Aim of the exercise ::
Could you set down exactly the lines in the records below between the line holding "care. Truth Brenda" and the line holding "Archiwum Ringelbluma. Konspiracyjne", inclusive?

[Records supplied]

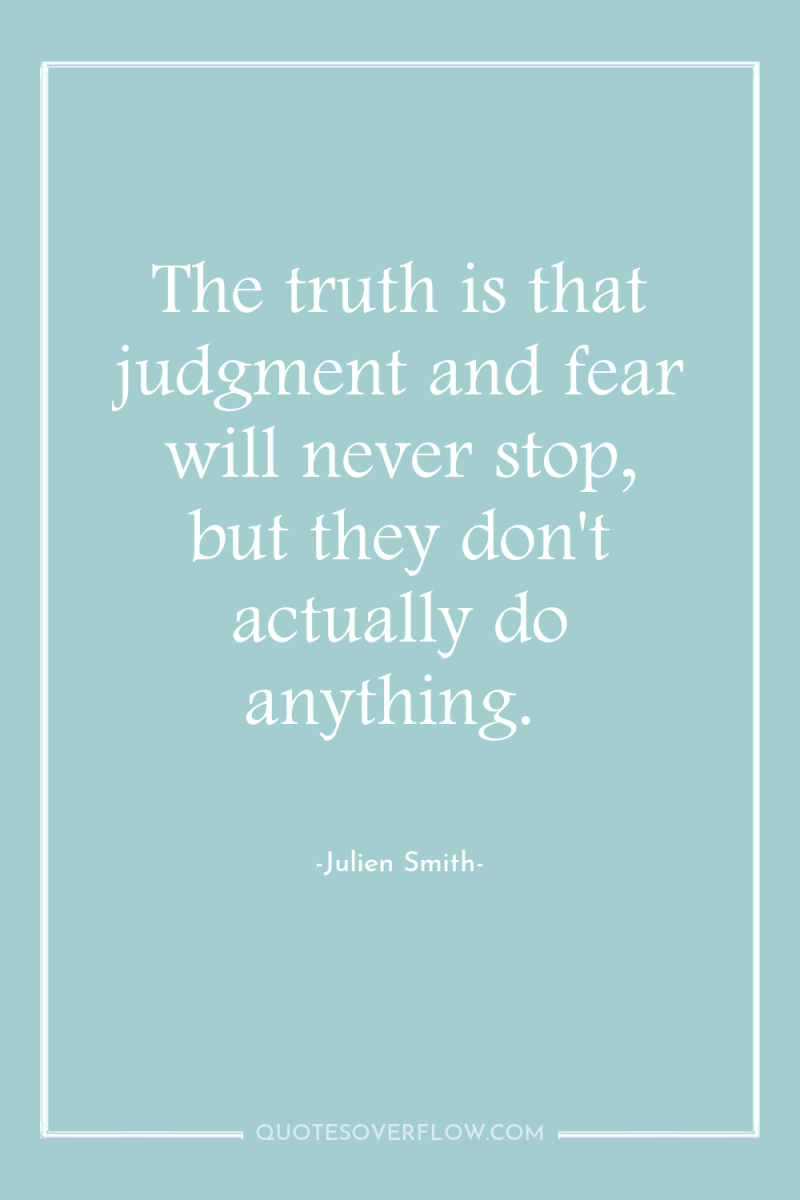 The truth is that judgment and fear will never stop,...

[/Records supplied]
[Records supplied]

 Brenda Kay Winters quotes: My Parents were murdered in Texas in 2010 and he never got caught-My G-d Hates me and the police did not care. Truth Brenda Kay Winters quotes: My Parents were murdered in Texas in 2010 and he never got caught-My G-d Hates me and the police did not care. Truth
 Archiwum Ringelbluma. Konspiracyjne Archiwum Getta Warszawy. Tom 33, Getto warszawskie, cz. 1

[/Records supplied]
[Records supplied]

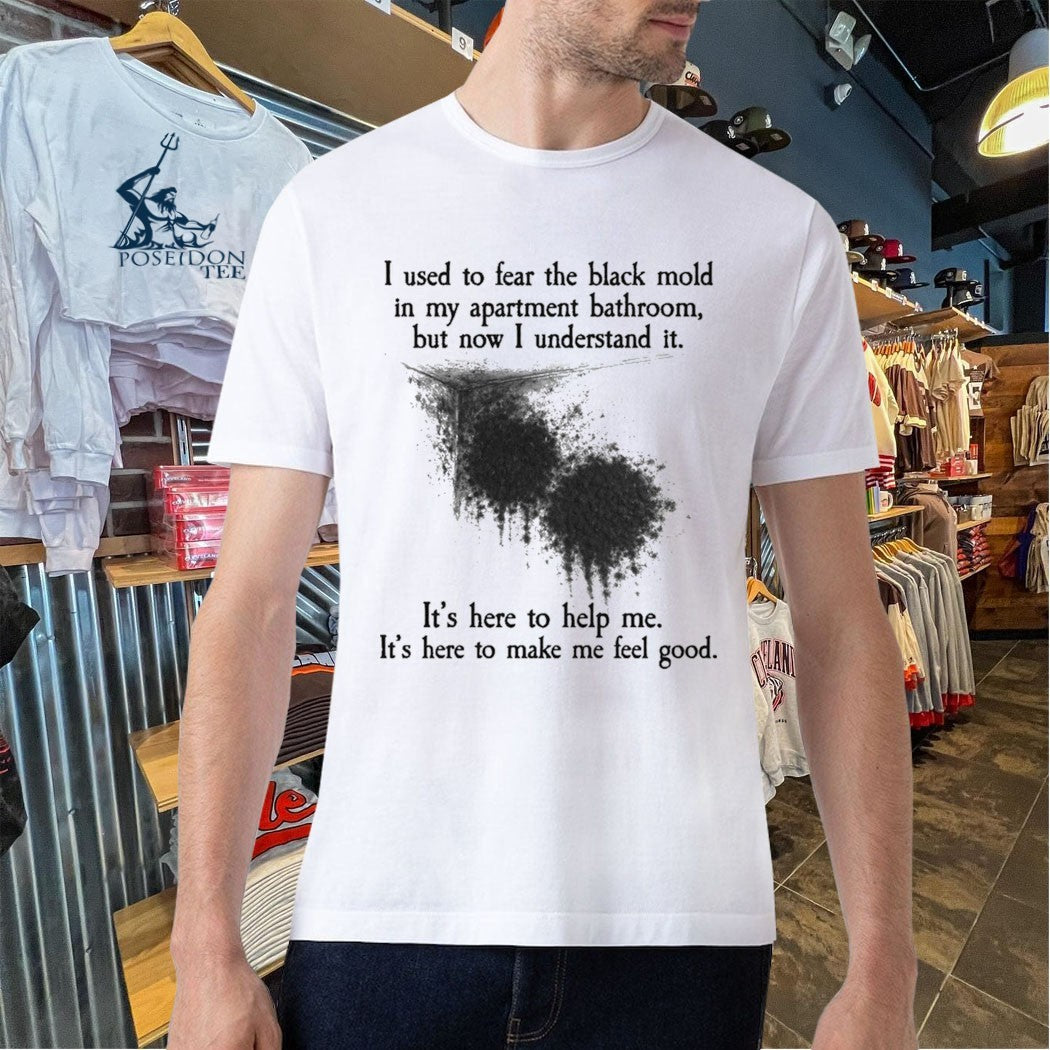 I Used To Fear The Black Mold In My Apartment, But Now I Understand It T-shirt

[/Records supplied]

Answer to this task ::
 Brenda Kay Winters quotes: My Parents were murdered in Texas in 2010 and he never got caught-My G-d Hates me and the police did not care. Truth Brenda Kay Winters quotes: My Parents were murdered in Texas in 2010 and he never got caught-My G-d Hates me and the police did not care. Truth
 Archiwum Ringelbluma. Konspiracyjne Archiwum Getta Warszawy. Tom 33, Getto warszawskie, cz. 1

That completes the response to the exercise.